Task requirements
Reproduce the entries shown below only from the line with "รถ Toyota Majesty 2.8 Grande สี ขาว" down to the line with "Horror Character Freddy's", keeping both end lines and copying each one exactly.

[[ Information given, beginning ]]

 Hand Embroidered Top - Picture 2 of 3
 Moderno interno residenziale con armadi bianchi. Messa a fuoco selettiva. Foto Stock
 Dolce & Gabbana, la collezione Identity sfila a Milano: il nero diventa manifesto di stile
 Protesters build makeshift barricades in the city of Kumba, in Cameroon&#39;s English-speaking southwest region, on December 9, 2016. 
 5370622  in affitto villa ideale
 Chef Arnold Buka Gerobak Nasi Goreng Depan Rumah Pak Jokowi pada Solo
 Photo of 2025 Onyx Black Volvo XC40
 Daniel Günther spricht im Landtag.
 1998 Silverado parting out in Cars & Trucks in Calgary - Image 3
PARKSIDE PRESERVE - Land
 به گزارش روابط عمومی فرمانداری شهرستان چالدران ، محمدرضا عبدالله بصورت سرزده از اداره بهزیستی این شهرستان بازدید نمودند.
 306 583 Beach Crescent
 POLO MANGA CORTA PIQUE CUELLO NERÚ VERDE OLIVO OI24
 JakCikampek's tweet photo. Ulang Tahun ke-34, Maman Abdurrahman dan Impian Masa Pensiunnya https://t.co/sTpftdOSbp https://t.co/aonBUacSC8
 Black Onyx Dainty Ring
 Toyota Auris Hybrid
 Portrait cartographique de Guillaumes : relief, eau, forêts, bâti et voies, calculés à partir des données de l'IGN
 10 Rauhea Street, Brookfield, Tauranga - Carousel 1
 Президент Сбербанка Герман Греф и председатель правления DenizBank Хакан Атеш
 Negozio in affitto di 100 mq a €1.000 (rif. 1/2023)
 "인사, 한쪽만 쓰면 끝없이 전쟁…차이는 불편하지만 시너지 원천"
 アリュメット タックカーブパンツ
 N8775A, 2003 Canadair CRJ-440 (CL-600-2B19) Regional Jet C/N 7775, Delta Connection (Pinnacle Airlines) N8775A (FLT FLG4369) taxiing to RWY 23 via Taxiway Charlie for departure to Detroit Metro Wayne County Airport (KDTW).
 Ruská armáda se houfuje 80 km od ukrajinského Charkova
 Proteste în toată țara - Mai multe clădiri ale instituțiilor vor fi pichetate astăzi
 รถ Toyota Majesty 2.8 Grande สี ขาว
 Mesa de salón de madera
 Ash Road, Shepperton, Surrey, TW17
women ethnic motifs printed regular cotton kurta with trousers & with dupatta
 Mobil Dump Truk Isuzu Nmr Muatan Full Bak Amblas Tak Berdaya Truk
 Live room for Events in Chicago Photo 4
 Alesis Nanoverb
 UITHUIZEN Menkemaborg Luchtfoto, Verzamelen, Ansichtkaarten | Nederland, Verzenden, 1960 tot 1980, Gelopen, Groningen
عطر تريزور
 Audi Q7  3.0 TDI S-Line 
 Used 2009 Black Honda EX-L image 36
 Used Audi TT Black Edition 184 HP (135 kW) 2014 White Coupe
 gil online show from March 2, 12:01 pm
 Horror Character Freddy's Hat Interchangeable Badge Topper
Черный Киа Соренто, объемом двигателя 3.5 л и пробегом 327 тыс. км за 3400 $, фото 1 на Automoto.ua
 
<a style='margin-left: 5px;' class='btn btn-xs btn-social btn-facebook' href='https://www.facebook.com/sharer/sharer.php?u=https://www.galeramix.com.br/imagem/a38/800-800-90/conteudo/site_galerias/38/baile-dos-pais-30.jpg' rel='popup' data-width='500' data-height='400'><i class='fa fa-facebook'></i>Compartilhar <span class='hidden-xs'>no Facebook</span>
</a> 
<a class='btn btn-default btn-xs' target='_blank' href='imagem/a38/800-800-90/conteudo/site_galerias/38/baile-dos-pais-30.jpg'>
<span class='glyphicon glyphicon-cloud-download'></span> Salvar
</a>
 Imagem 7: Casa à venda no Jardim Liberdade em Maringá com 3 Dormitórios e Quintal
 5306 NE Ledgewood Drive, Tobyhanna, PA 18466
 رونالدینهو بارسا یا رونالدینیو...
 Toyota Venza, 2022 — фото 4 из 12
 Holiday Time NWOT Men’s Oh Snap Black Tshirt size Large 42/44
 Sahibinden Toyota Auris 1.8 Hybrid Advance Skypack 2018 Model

[[ Information given, end ]]

Answer for this exercise
 รถ Toyota Majesty 2.8 Grande สี ขาว
 Mesa de salón de madera
 Ash Road, Shepperton, Surrey, TW17
women ethnic motifs printed regular cotton kurta with trousers & with dupatta
 Mobil Dump Truk Isuzu Nmr Muatan Full Bak Amblas Tak Berdaya Truk
 Live room for Events in Chicago Photo 4
 Alesis Nanoverb
 UITHUIZEN Menkemaborg Luchtfoto, Verzamelen, Ansichtkaarten | Nederland, Verzenden, 1960 tot 1980, Gelopen, Groningen
عطر تريزور
 Audi Q7  3.0 TDI S-Line 
 Used 2009 Black Honda EX-L image 36
 Used Audi TT Black Edition 184 HP (135 kW) 2014 White Coupe
 gil online show from March 2, 12:01 pm
 Horror Character Freddy's Hat Interchangeable Badge Topper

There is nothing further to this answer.